Le organizzazioni non governative, italiane e non, operano spesso in scenari di guerra, carestie e difficoltà economico-sociali rilevanti nell’intento di ricostituire un paese, una lingua, una cultura in ottica di convergenza, ri-comunione, ri-conciliazione di tutte quelle politico-religiose atte soltanto a separare. Riconosciamo nella spinta motivazionale al lavoro delle Ong dell’Unione Europea, come in tutte le altre, un approccio di tipo solidaristico-umanitario basato sulla giustizia sociale, sull’equità e sul rispetto dei diritti umani, nonché sulla cooperazione allo sviluppo.

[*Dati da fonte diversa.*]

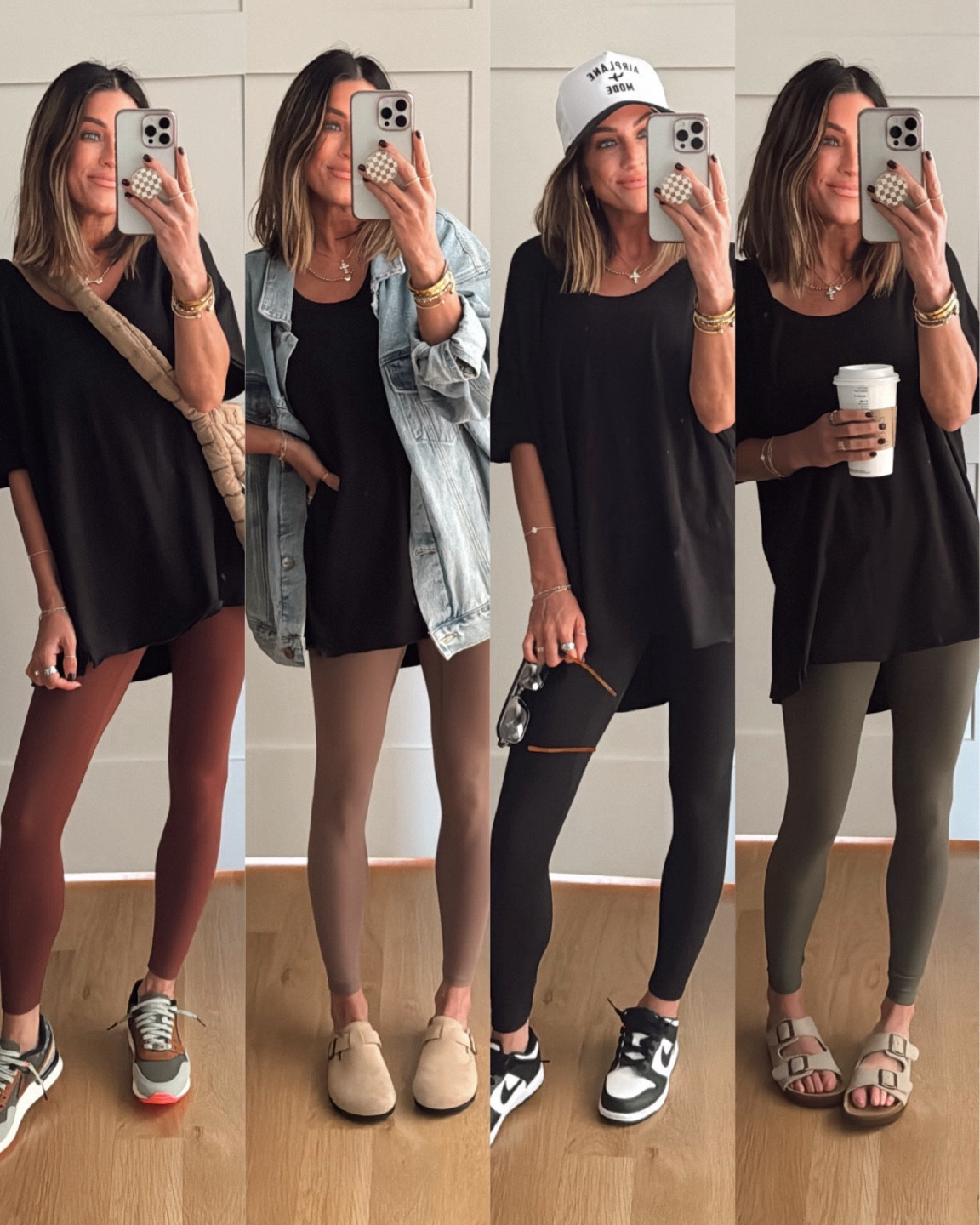 The best Amazon leggings! 🙌🏼🤩 true to size, and so flattering! Wearing xs in leggings, small in tee  

#LTKFindsUnder100 #LTKFindsUnder50 #LTKStyleTip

Hellen Keller, autrice dell’ottocento scriveva: “L’idea di fratellanza risorge sul mondo con un significato più ampio della mera associazione di membri in una setta o in un credo. E i pensatori dalla grande anima come Lessing provocano il mondo chiedendo cosa sia più divino, se l’odio e la lotta all’ultimo sangue fra le religioni o l’armonia e la cooperazione. Gli antichi pregiudizi dell’uomo contro i suoi fratelli tentennano e si ritirano di fronte alla radiosità di un più generoso sentimento, che non sacrifica l’uomo alla forma o lo deruba della serenità e della forza che esso trova nel suo credo. L’eresia di un’era diventa l’ortodossia dell’era seguente. La mera tolleranza ha lasciato il posto ad un sentimento di fratellanza fra uomini sinceri di tutte le confessioni“. E sarebbe auspicabile anche soltanto il riconoscimento e la valorizzazione del termine fratellanza, il mantenimento di linee politiche programmatiche che prevedano sempre la sensibilizzazione e lo sviluppo della società a tematiche umanitarie applicative, per dare un senso concreto al carattere di mutualità e cooperazione contenute nell’articolo 45 della Costituzione.
Come sempre rimango stupito dalla bellezza, dalla ricchezza e dalla brevità sistematica, concisa e coerente della nostra Costituzione, documento spesso oggetto di inique partiture, disconoscenze politiche transitorie intemperanti atte a screditarla e svalorizzarla.